Something's in the air. I had not heard of the outrageously talented Vicki Yohe until I'd tuned into WBLS this morning, a station I've followed for years, no matter where I'm living. But I was never as much of a fan of BLS as of 98.7 Kiss FM, which had superior dance music that ranged from Shirley Ellis to Whitney to Beyoncé, and more than lived up to its claim that it broadcast "Classic Soul and Today's R. & B."
In any case, last weekend was my last chance to float on the Kiss airwaves before they merged with BLS, due to a recent programming deal between Emmis Communications and ESPN New York. Times are hard. I will follow the Kiss crew anywhere, even to the revamped BLS. We'll be old friends soon, and now I'm glad that I tuned in, because that's where I heard Vicki Yohe, and what might be described as her post-white voice. The song: "I'm At Peace." And the minute I heard it, I knew I was in the presence of something powerful-faith married to a gorgeous set of pipes that was steeped in the locutions of the black church as reinterpreted by a blonde white woman who's adopted a biracial child. 'Nuff said?

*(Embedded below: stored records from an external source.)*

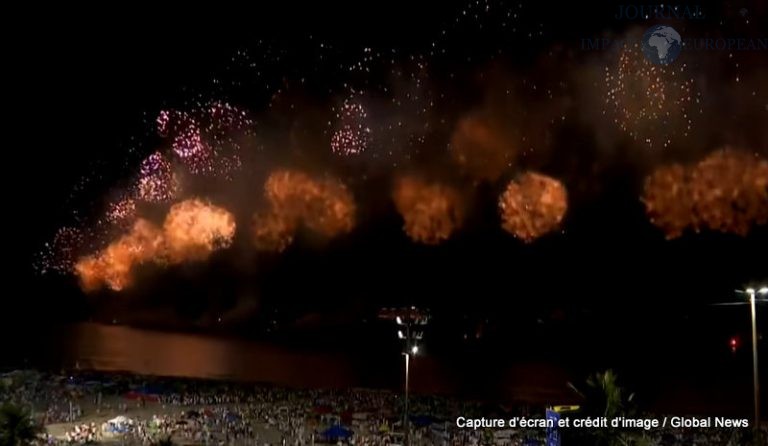 Brazil’s Copacabana 2022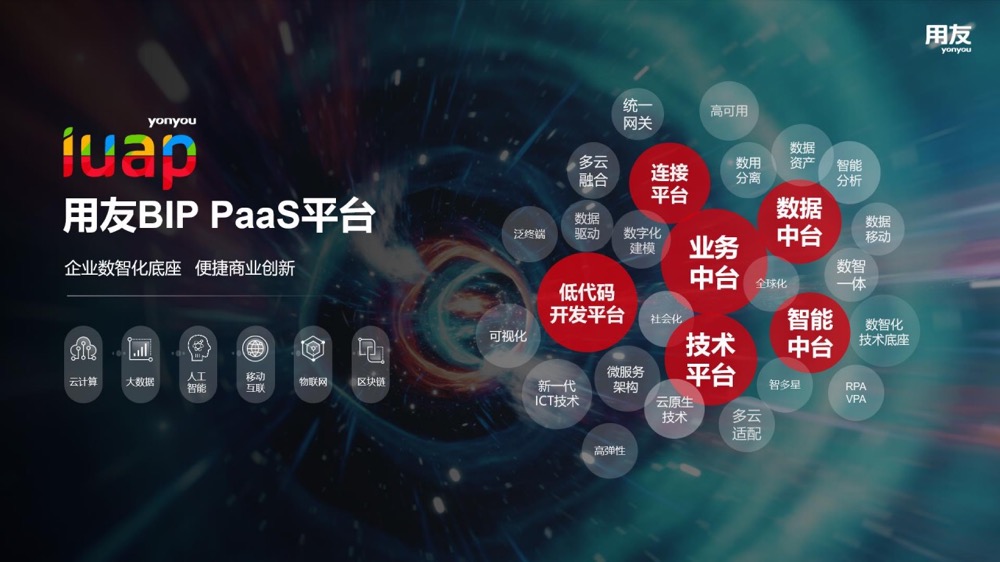 用友BIP升级数智底座，iuap能否代表中国PaaS平台的最高实力？
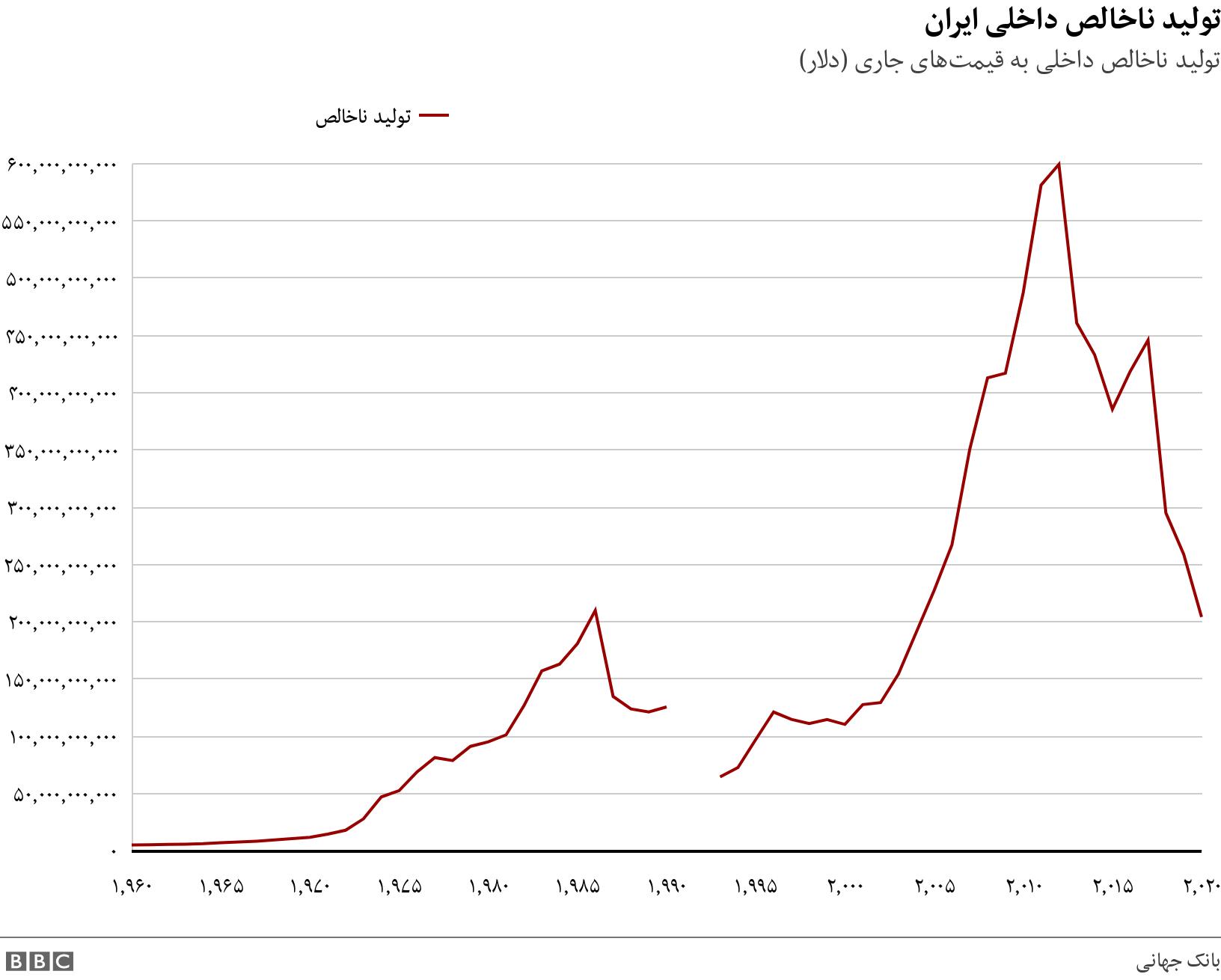 تولید ناخالص داخلی ایران. تولید ناخالص داخلی به قیمت‌های جاری (دلار). .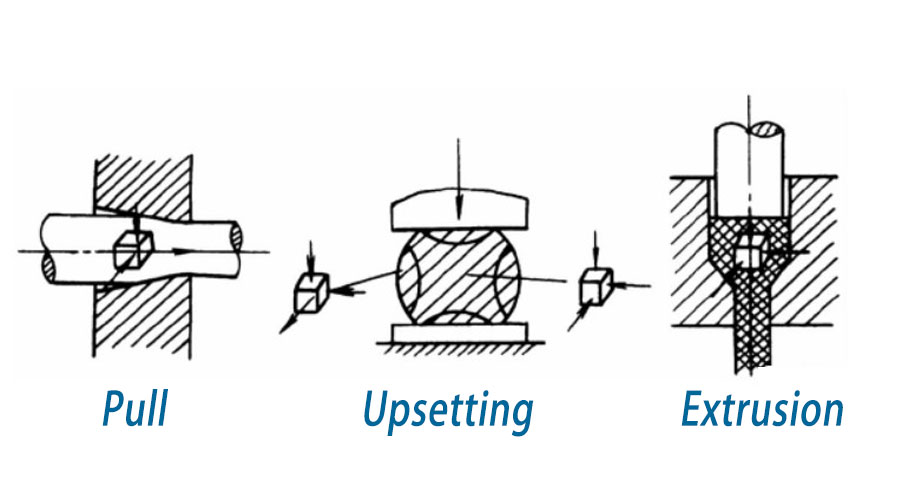 What is the forgeability of metal materials?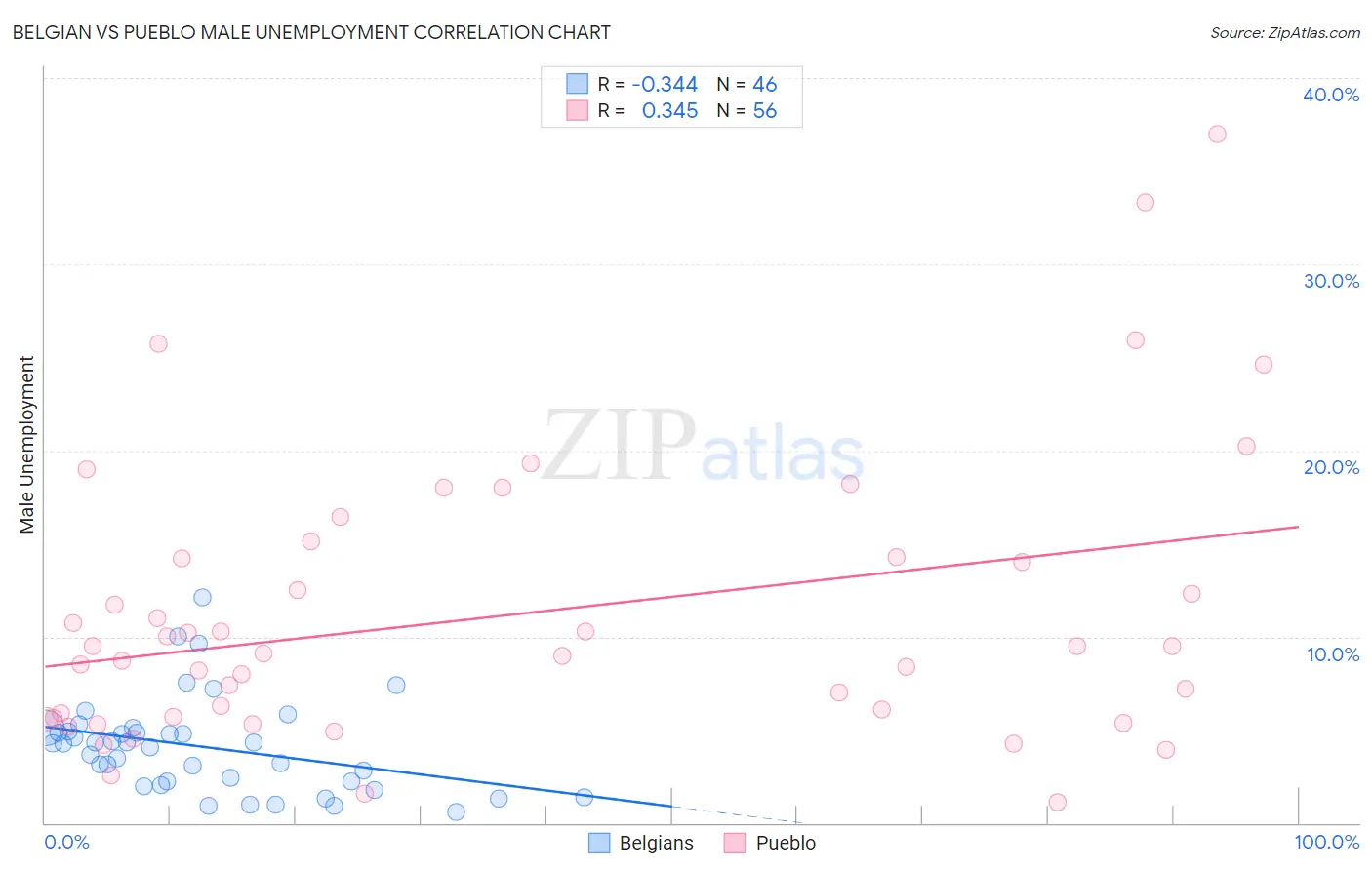 Belgian vs Pueblo Male Unemployment
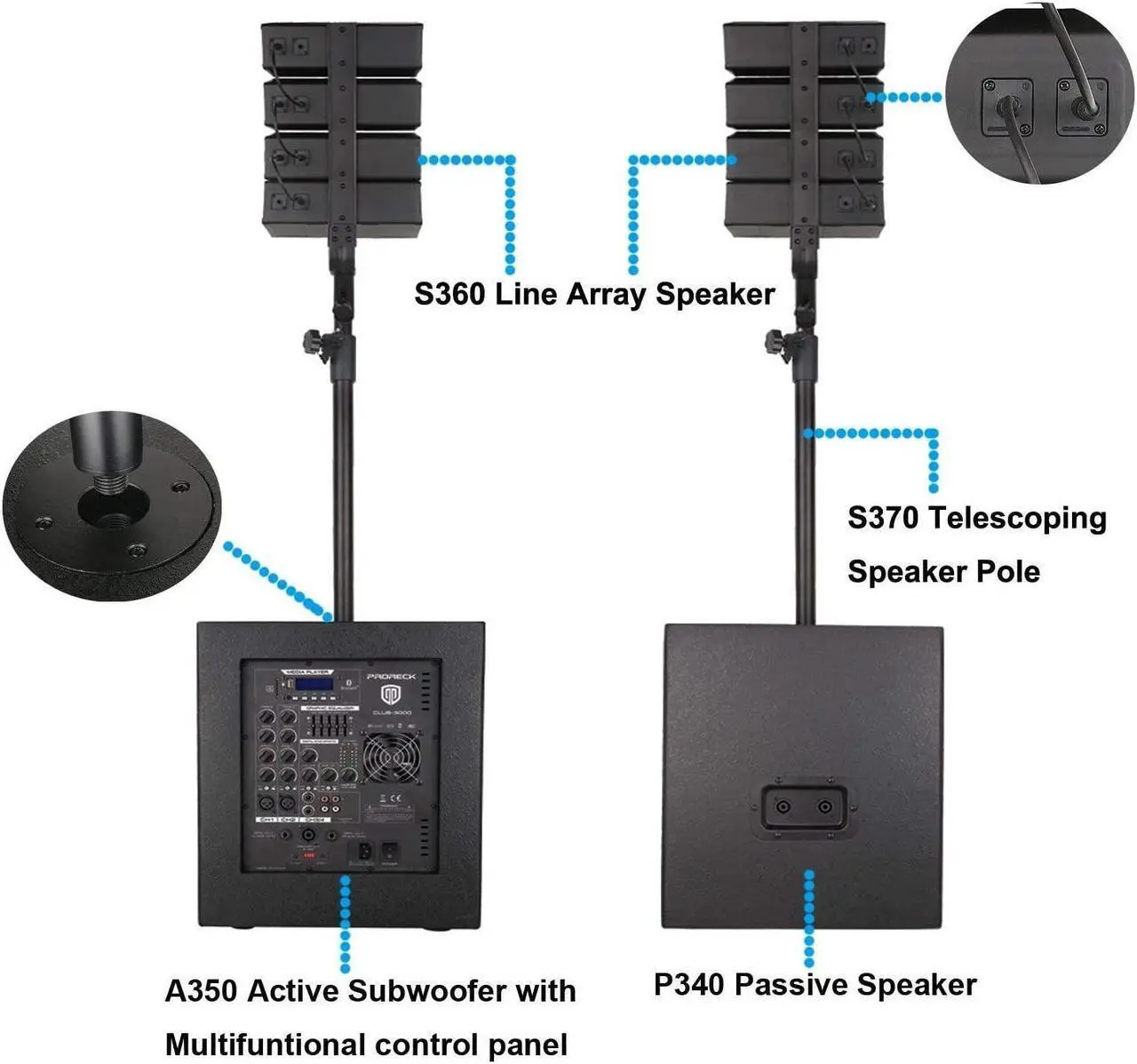Alt view image 3 of 5 - PRORECK Club 3000 12-Inch 4000w DJ Powered PA Speaker System Combo Set with Bluetooth USB Drive Read Function SD Card Remote Control,Two subwoofers and 8 line Array Speakers Set for Church, DJ, Live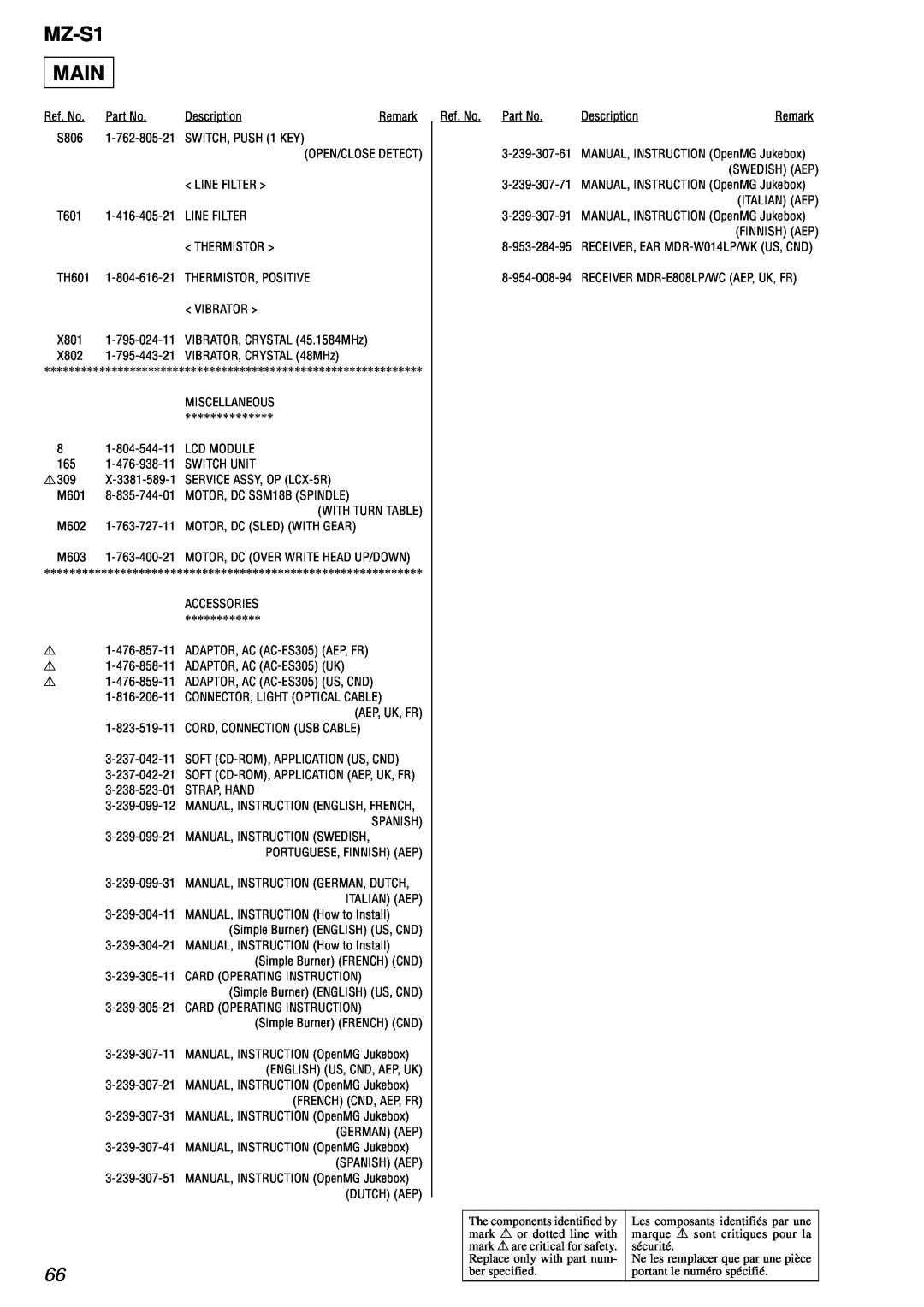 Sony service manual MZ-S1 MAIN, Ref. No 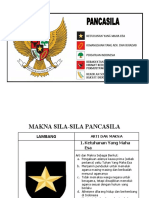 Pancasila Dan Pengamalannya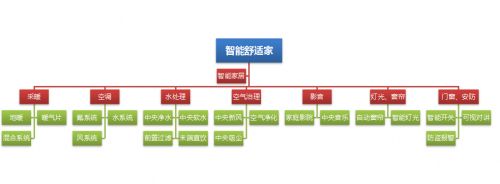 舒適家居正邁入&ldquo;智能&rdquo;新時代，誰將成為引領行業的領軍者？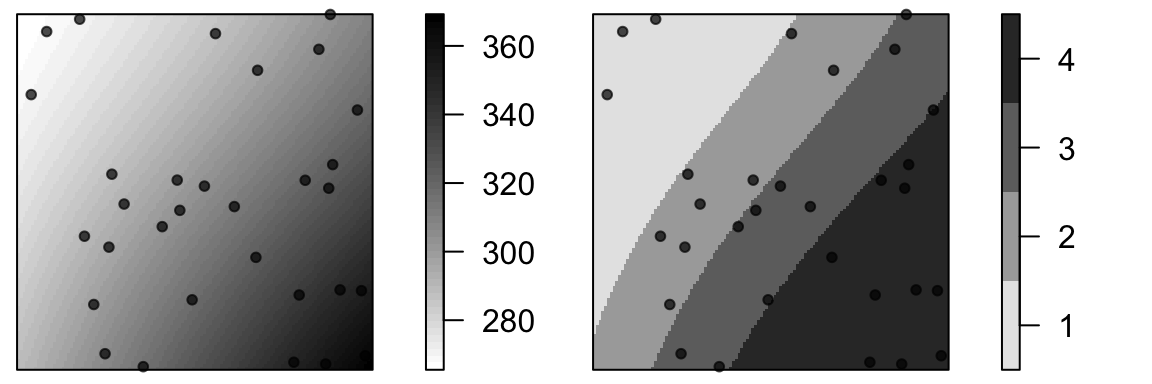Example of a covariate. Figure on the left shows the elevation map. Figure on the right shows elevation broken down into four sub-regions (a tessellated surface) for which local density values will be computed.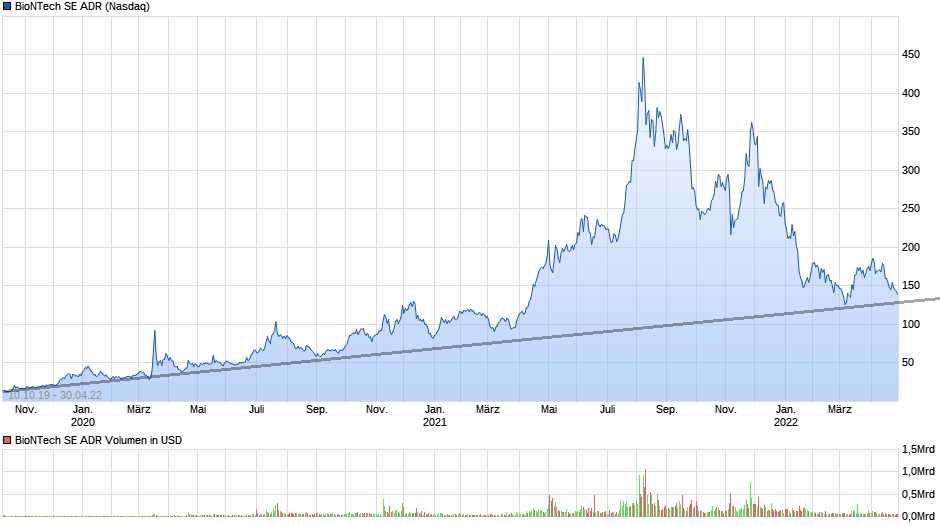 Biotech-Star BioNTech aus Mainz 1312402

The song is as powerful as "Precious Memories," Aretha and James Cleveland's duet on the former's 1972 album, "Amazing Grace," a record that works because it includes talents other than Aretha's own-she has to step up instead of coasting on her "legendary" status. (Franklin's joining forces with Clive Davis weeks after Whitney's death says as much about her ambition as it does about the brutality of the music business.) But Yohe has a faith that's bigger than show business, and, as the somewhat literal-minded video for her song indicates, she has an interest in becoming the voice of working-class America, a world where blacks and whites who feel stiffed by a dream they can't remember having, exist side by side, separated less by race than from those who have, because they do not have much.